Я старалась говорить тихо, но заметила, что Лусьена едко вытаращилась на меня из своего дальнего угла, ловя каждое мое слово. Небось, именитым отцом научена каждую нелепую оговорку против оппонента использовать!
— Ну, — Агата растерянно выдохнула, — не печальтесь! Давайте попробуем! Какая музыка вам нравится?
— Ансамбли «Синий лишайник», — начала я перечислять. Челюсть Агаты верным курсом падала все ниже с каждым моим словом. — «Квадрант жидкости», «Правитель и Лицедей», «Тан-Комино»…
— Богиня Филлагория, не продолжайте! — Агата закатила глаза и подобрала челюсть.
— Вы же девушка, прекрасная и нежная девушка! Негоже вам такие грязные кабацкие песни слушать! А на королевском приеме распевать их — и подавно дело негожее!
— Да почему негожее-то, если эти песни нравятся мне? Они — отражение моего внутреннего мира, а не у всех он соткан из розовой паутинки.
— Есть вещи, которые порицаются высшим обществом, и мы должны это учитывать,
— проговорила Агата, откидывая крышку рояля. — Чем не по душе тебе Лабуда, например?
— Кожаными трусами и бронелифчиком, — буркнула я.
— Есть же множество достойных современных певиц! Гранна Гугу, HrNat… ну или Зефирочка, в конце концов, если вы любите контркультуру.
«Посвяти мне песню, Лира, — зазвенел в голове сладкий, как гитарное соло, голос Рэнимора.
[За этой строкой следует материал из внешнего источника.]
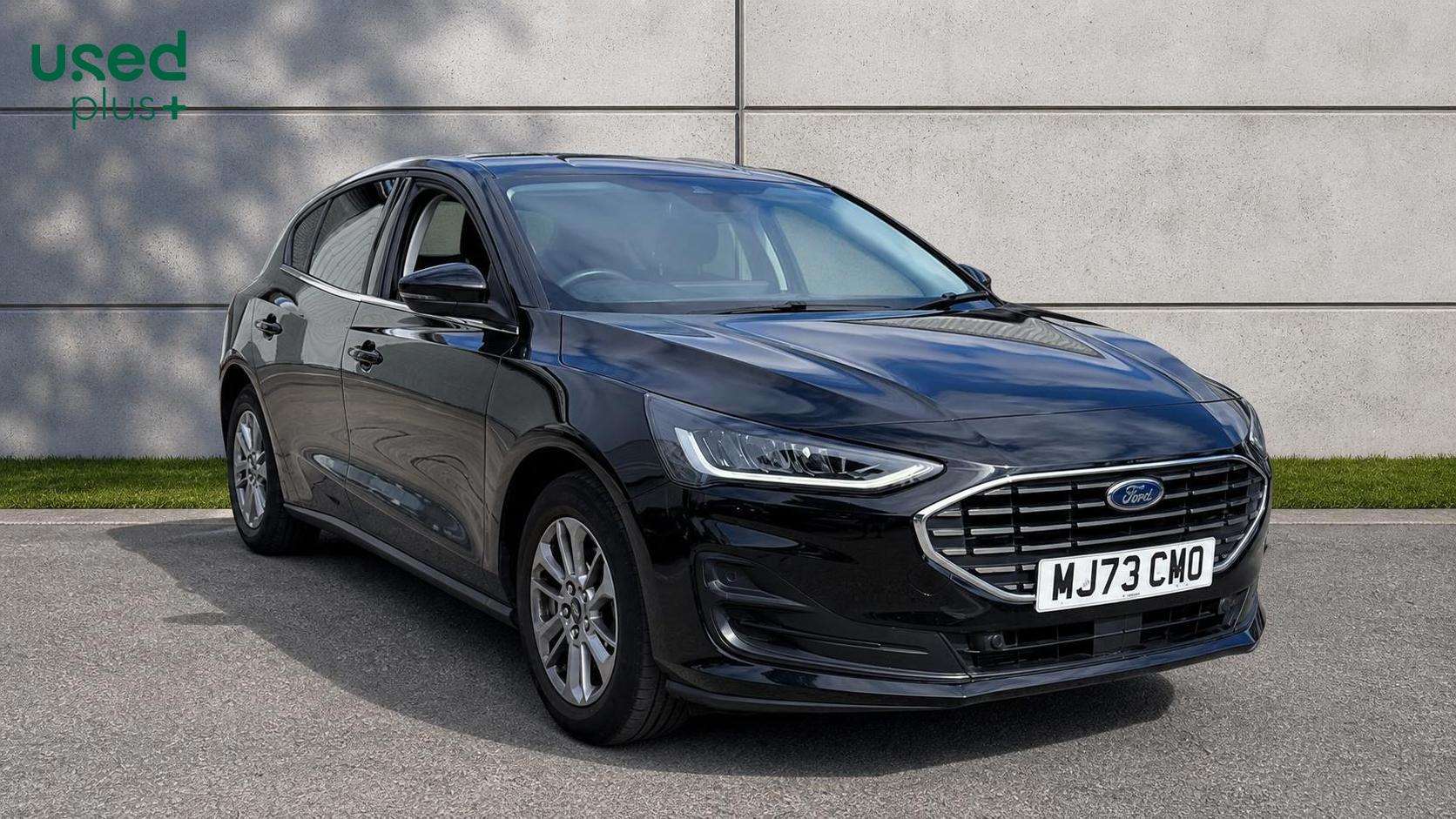 2023 Ford Focus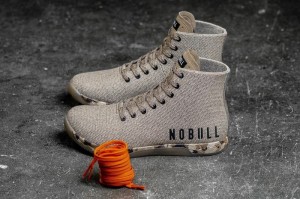 Grey Nobull High Top | 40695-GWQY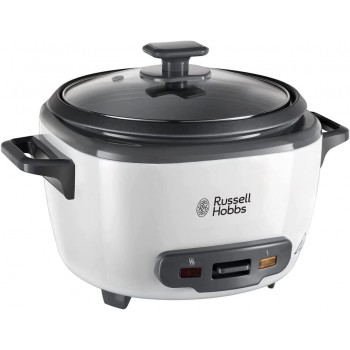 Russell Hobbs 27040 Large Rice Cooker - White
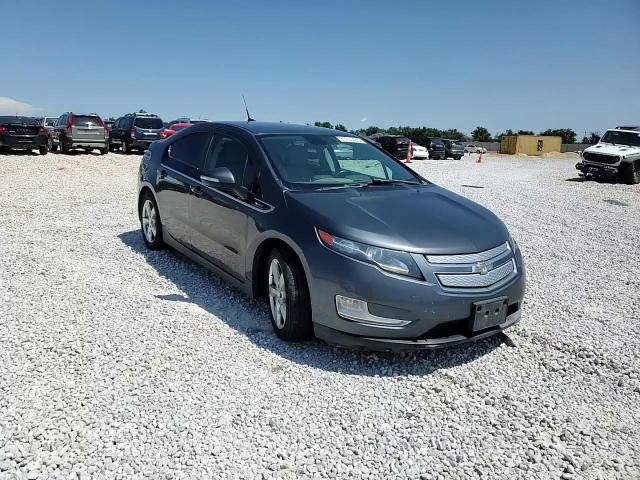 2013 Chevrolet Volt VIN: 1G1RF6E47DU144530 Lot: 65653435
Теплота заструилась по телу, поднимая мурашки. И даже почудилось, что во тьме блеснули его голубые глаза. — Не забудь»
— Зефи-ирочка? — протянула я. — А это интересное предложение. «Кабы золотник давали мне каждый раз, когда приходишь ты мне на ум, я бы побиралась у карет, я бы стала самой стройной с голоду».
— Нет! — Агата тут же замахала руками. — Зефирочку не надо!
— Почему не надо? Вы сами только что предложили!
— Тембр не тот, — отрезала Агата бескомпромиссно.
«Посвяти мне песню», — повторил голос Рэнимора уже насмешливо. И затих, как весенний порыв ветра, спрятавшийся в кронах.